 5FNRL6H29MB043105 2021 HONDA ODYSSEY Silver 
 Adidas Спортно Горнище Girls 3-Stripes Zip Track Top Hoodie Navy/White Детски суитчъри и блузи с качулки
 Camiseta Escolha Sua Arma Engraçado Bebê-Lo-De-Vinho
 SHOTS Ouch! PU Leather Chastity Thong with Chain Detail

------------------------------------------------------------------------

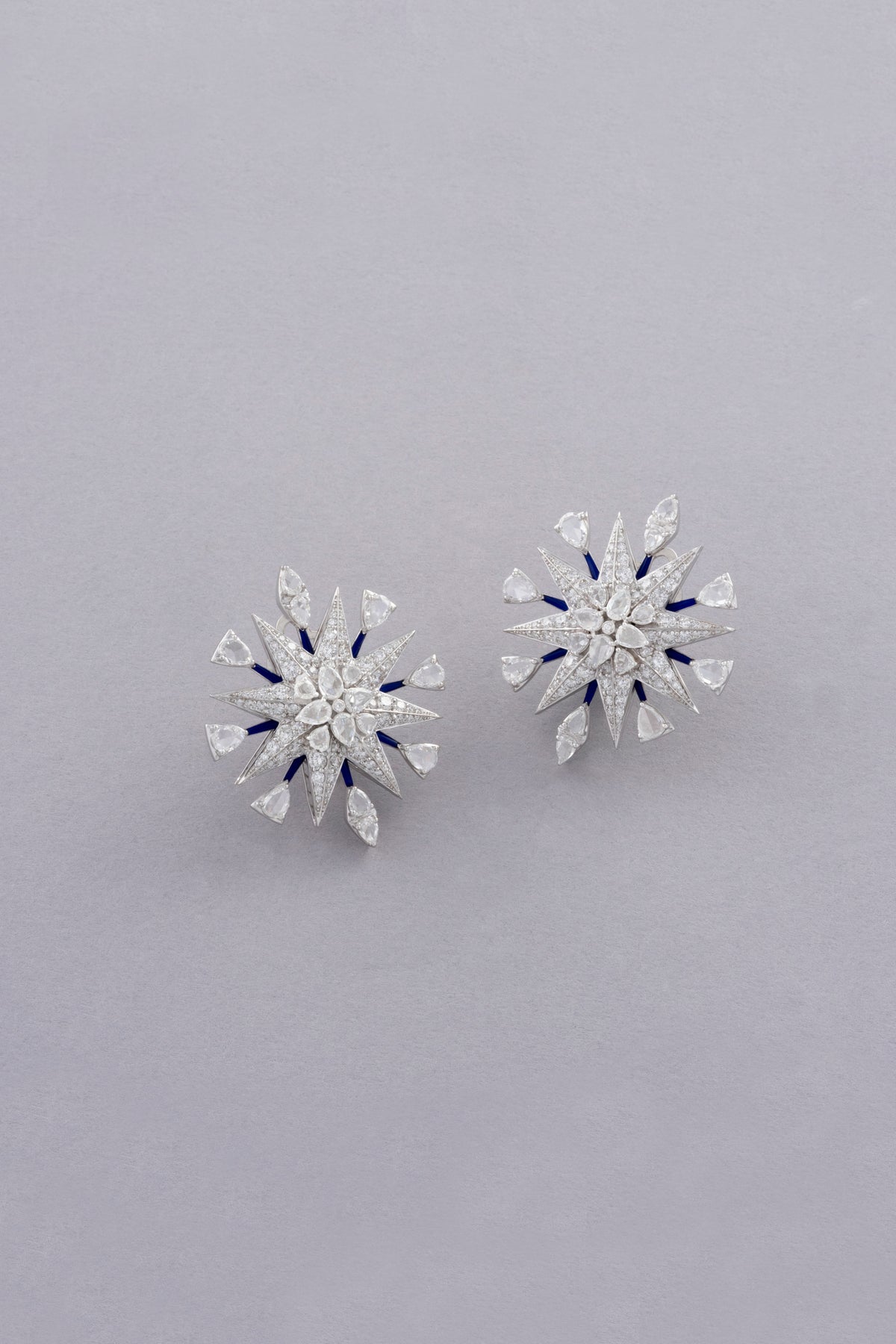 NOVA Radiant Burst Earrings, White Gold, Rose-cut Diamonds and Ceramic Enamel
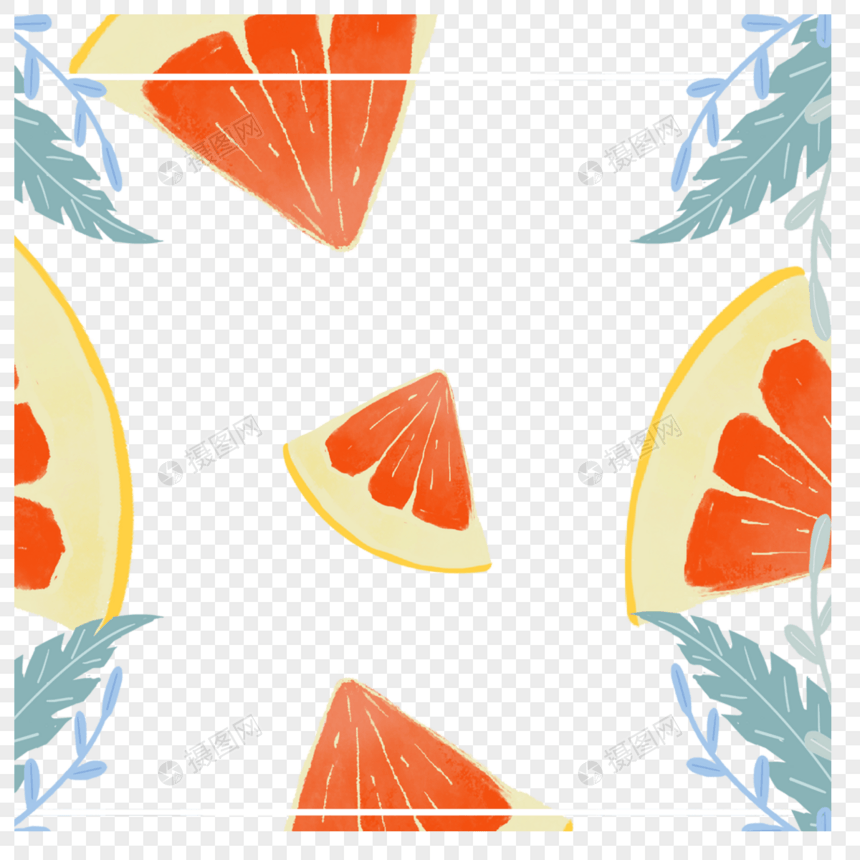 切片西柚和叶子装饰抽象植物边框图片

------------------------------------------------------------------------

▶ **THE PROBLEM**
Retype, in the same exact form, the lines of the material above from the line holding "Camiseta Escolha Sua" through the line holding "SHOTS Ouch! PU".

▶ **EXERCISE OUTPUT**
 Camiseta Escolha Sua Arma Engraçado Bebê-Lo-De-Vinho
 SHOTS Ouch! PU Leather Chastity Thong with Chain Detail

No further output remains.